If there is a demand for a said product or service, in which they can hopefully generate a profit- employers will form companies and/or hire. If not - they won't. It's not that complicated.
- As President Obama confronts the nation’s dismal unemployment problem — stubbornly stuck at 9.1 percent with, shockingly, zero net jobs created in August — Wall Street and corporate America are working behind the scenes in Washington to push for a series of temporary tax breaks, which they insist will help create jobs.
- Consider it a form of horse trading — tax cuts for jobs. There is only one small problem with this strategy: temporary tax cuts rarely result in new jobs and always result in less tax revenue.

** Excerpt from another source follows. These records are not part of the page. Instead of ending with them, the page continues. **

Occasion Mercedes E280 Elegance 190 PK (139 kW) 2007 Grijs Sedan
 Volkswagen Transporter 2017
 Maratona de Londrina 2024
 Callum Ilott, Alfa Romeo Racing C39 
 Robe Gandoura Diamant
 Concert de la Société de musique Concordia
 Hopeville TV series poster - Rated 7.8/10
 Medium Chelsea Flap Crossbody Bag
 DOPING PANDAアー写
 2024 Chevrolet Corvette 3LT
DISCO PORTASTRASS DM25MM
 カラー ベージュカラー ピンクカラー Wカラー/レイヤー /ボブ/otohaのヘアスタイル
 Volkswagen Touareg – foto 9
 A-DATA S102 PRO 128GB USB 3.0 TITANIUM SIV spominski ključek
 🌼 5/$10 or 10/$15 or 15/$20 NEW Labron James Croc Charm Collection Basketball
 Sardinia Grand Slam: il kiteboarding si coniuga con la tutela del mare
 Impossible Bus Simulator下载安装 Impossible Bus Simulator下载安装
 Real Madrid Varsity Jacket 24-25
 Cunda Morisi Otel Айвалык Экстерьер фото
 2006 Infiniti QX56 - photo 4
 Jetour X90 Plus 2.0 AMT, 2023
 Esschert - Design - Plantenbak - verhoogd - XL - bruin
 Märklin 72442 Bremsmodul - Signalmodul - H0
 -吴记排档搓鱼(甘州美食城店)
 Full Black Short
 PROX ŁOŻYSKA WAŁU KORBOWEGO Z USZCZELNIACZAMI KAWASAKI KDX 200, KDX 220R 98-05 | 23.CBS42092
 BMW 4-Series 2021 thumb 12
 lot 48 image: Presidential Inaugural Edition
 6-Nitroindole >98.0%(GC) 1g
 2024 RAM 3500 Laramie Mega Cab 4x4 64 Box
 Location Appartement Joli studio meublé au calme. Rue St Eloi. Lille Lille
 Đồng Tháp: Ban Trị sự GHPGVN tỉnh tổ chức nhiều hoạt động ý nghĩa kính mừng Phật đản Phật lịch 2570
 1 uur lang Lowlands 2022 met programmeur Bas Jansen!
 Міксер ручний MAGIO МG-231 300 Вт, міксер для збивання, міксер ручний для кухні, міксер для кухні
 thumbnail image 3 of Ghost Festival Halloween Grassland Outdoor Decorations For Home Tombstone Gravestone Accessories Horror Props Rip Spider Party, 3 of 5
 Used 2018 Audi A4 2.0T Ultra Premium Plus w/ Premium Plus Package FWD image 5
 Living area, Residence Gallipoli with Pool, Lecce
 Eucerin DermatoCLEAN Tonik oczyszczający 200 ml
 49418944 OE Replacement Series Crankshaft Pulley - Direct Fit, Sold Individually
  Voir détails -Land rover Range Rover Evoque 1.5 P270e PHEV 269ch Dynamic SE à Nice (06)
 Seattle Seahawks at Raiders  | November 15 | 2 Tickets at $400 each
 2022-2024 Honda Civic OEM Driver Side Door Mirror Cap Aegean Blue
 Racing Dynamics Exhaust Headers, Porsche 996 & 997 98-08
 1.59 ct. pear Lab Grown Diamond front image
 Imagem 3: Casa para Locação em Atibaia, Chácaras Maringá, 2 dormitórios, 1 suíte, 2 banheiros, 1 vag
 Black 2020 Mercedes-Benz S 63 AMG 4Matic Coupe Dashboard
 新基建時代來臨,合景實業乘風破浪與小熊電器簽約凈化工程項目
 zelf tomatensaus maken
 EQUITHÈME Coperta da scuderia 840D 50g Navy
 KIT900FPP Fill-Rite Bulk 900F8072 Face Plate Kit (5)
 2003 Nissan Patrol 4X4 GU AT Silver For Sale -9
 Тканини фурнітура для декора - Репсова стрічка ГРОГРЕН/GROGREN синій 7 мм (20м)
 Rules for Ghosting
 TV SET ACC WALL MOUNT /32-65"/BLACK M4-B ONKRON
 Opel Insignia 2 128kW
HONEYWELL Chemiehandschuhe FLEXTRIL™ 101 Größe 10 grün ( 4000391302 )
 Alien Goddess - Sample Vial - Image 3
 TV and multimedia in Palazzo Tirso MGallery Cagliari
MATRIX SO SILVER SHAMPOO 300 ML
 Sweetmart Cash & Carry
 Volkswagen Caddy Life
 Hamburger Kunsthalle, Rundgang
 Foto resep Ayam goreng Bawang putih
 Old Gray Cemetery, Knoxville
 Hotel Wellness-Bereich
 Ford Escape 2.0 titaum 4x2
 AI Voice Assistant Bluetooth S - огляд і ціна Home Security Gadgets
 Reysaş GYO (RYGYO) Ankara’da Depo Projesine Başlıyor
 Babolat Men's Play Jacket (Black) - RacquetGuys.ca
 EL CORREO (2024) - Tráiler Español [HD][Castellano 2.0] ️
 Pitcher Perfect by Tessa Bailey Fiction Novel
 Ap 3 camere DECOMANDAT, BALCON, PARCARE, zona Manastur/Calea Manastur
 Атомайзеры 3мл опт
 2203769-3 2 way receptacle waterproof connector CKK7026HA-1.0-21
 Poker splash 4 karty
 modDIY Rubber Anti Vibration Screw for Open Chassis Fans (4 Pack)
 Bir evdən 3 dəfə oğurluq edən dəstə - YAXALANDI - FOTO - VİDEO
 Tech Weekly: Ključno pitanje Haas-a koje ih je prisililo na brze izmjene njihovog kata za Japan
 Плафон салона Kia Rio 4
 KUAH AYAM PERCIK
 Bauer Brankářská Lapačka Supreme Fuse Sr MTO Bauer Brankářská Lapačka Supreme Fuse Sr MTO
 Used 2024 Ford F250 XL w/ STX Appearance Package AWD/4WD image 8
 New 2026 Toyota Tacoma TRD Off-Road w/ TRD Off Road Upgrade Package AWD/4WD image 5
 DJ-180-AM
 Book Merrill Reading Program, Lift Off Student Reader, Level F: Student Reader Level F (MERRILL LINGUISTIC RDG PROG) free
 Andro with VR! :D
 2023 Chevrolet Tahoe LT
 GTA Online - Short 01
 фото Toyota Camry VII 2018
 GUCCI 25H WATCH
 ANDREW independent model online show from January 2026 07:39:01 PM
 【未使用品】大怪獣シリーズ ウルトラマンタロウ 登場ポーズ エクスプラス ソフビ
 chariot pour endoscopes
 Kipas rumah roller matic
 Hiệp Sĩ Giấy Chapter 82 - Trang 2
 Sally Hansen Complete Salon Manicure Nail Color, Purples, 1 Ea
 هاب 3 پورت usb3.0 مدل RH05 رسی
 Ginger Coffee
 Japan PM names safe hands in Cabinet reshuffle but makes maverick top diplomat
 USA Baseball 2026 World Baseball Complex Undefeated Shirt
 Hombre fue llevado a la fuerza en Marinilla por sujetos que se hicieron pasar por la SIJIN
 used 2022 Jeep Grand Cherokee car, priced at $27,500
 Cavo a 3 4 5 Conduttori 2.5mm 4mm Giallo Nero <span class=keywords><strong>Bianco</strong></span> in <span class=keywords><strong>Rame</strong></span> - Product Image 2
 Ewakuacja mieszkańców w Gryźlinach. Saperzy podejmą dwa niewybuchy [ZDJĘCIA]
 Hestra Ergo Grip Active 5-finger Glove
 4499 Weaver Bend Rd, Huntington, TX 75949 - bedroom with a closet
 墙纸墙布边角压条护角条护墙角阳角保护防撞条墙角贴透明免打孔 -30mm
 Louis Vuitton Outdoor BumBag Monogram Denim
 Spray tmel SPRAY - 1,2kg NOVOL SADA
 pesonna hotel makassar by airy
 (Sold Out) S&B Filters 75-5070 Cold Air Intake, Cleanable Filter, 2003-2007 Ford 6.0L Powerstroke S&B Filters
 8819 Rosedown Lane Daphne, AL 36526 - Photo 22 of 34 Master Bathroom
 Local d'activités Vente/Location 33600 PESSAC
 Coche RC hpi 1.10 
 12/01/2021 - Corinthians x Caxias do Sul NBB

- “Tax policy is not a great lever for adjusting short-term growth,” explained Howard Gleckman, a resident fellow at the Tax Policy Center , who has reviewed dozens of studies on the subject. Most temporary tax holidays “reward people for what they are going to do anyway,” he said, adding that “the bang for the buck is very low — you’re subsidizing companies that were already going to hire.”
- A seminal study by John H. Bishop and Mark Montgomery that looked at the Targeted Jobs Tax Credit bill from 1977, which was aimed at temporarily giving employers an incentive to hire disadvantaged workers, showed that “at least 70 percent of the tax credits were claimed for hiring workers who would have been hired even in the absence of the tax credit.” Companies claimed more than $4.5 billion in credits as a result.
- That is not to suggest that tax policy cannot help with long-term growth — virtually every academic study says it absolutely can — but that tax policy is a lousy way to stimulate the economy on a temporary basis.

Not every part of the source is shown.